╭─ Dataset extract

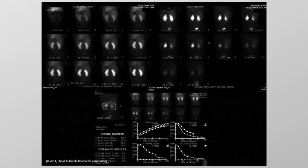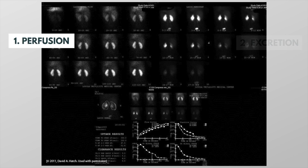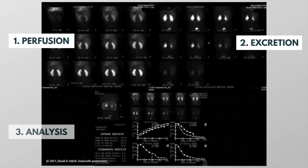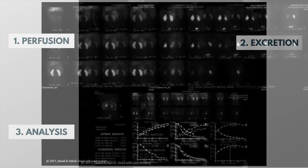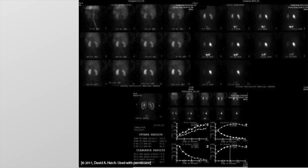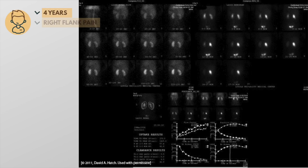The scans you will read will vary in appearance, but you should see three image panels: a perfusion panel, an excretion panel, and an analysis panel. Here's a renogram from a 4-year-old boy referred for evaluation of right flank pain. A previous ultrasound showed grade 4 hydronephrosis of the right kidney. We suspect an obstruction, but we need to confirm this.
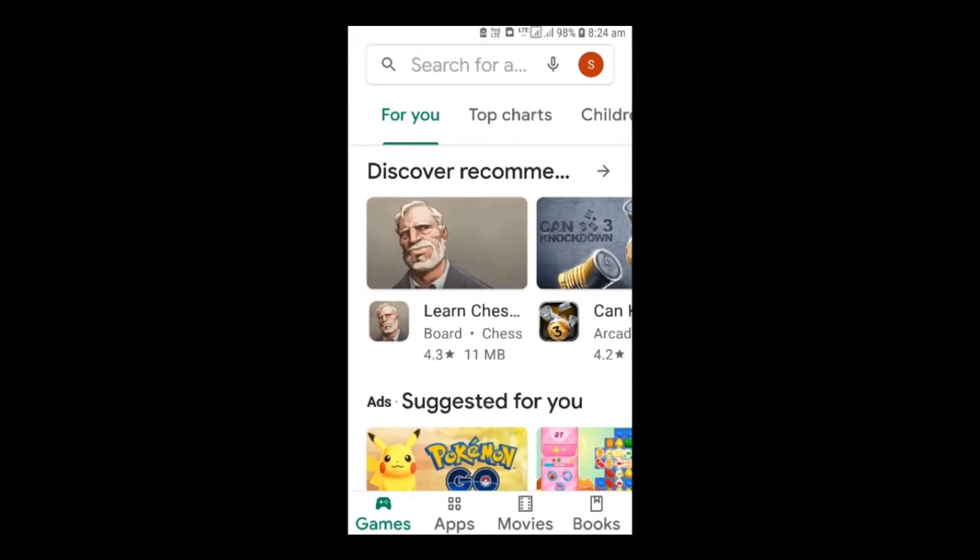First, download the Descent Wallet on your mobile device through the Google Play Store or the iOS App Store.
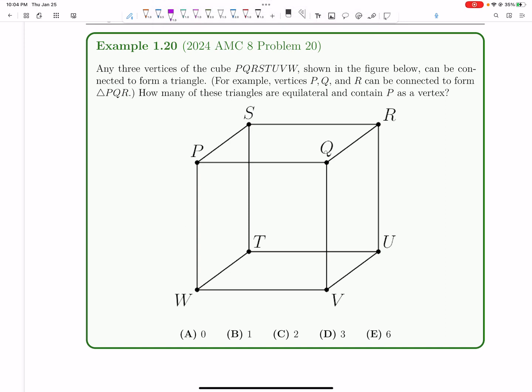Let's now tackle number 20 on the 2024 AMC 8. Any three vertices of the cube PQRS TUVW can be connected to form a triangle. How many of these triangles are equilateral and contain P as a vertex?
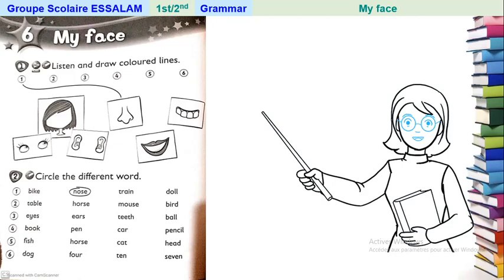Okay, now exercise number two. When you finish exercise number one, go to exercise number two: circle the different word. Here in number one we have: bike, nose, train, and ball.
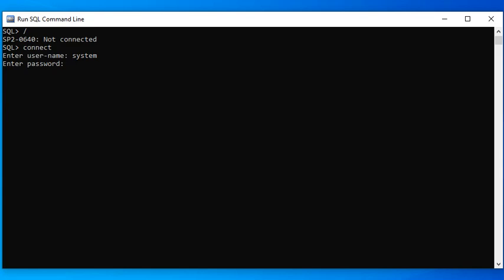If you forget your password, don't worry - you can reinstall Oracle and create another password. You can also reset the password using some commands, but I don't know what that command is.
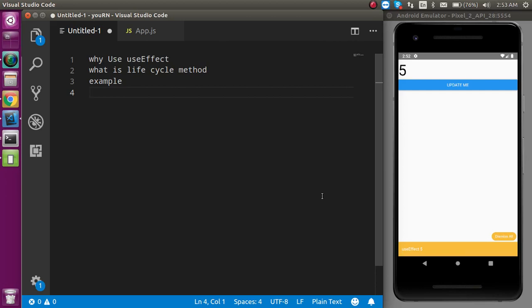Hi everyone, welcome back to my channel. My name is Anil, and in this React Native video we will see what is useEffect and why we have to use it. These are the three points of this video: what is useEffect, what is the lifecycle method, and an example of useEffect.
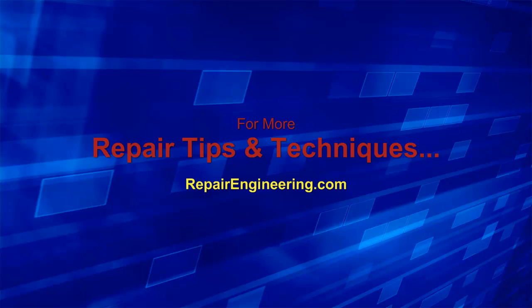For more repair tips and techniques, be sure to visit repairengineering.com. Thanks for watching.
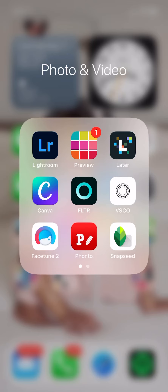Hey guys, welcome back to my channel and if you are new here, my name is Michelle and in today's video, I want to share with you how I edit my Instagram photos using the Lightroom app.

╰─

Each line of the data should be printed again exactly. Please leave pictures out.

The scans you will read will vary in appearance, but you should see three image panels: a perfusion panel, an excretion panel, and an analysis panel. Here's a renogram from a 4-year-old boy referred for evaluation of right flank pain. A previous ultrasound showed grade 4 hydronephrosis of the right kidney. We suspect an obstruction, but we need to confirm this.
First, download the Descent Wallet on your mobile device through the Google Play Store or the iOS App Store.
Let's now tackle number 20 on the 2024 AMC 8. Any three vertices of the cube PQRS TUVW can be connected to form a triangle. How many of these triangles are equilateral and contain P as a vertex?
Okay, now exercise number two. When you finish exercise number one, go to exercise number two: circle the different word. Here in number one we have: bike, nose, train, and ball.
If you forget your password, don't worry - you can reinstall Oracle and create another password. You can also reset the password using some commands, but I don't know what that command is.
Hi everyone, welcome back to my channel. My name is Anil, and in this React Native video we will see what is useEffect and why we have to use it. These are the three points of this video: what is useEffect, what is the lifecycle method, and an example of useEffect.
For more repair tips and techniques, be sure to visit repairengineering.com. Thanks for watching.
Hey guys, welcome back to my channel and if you are new here, my name is Michelle and in today's video, I want to share with you how I edit my Instagram photos using the Lightroom app.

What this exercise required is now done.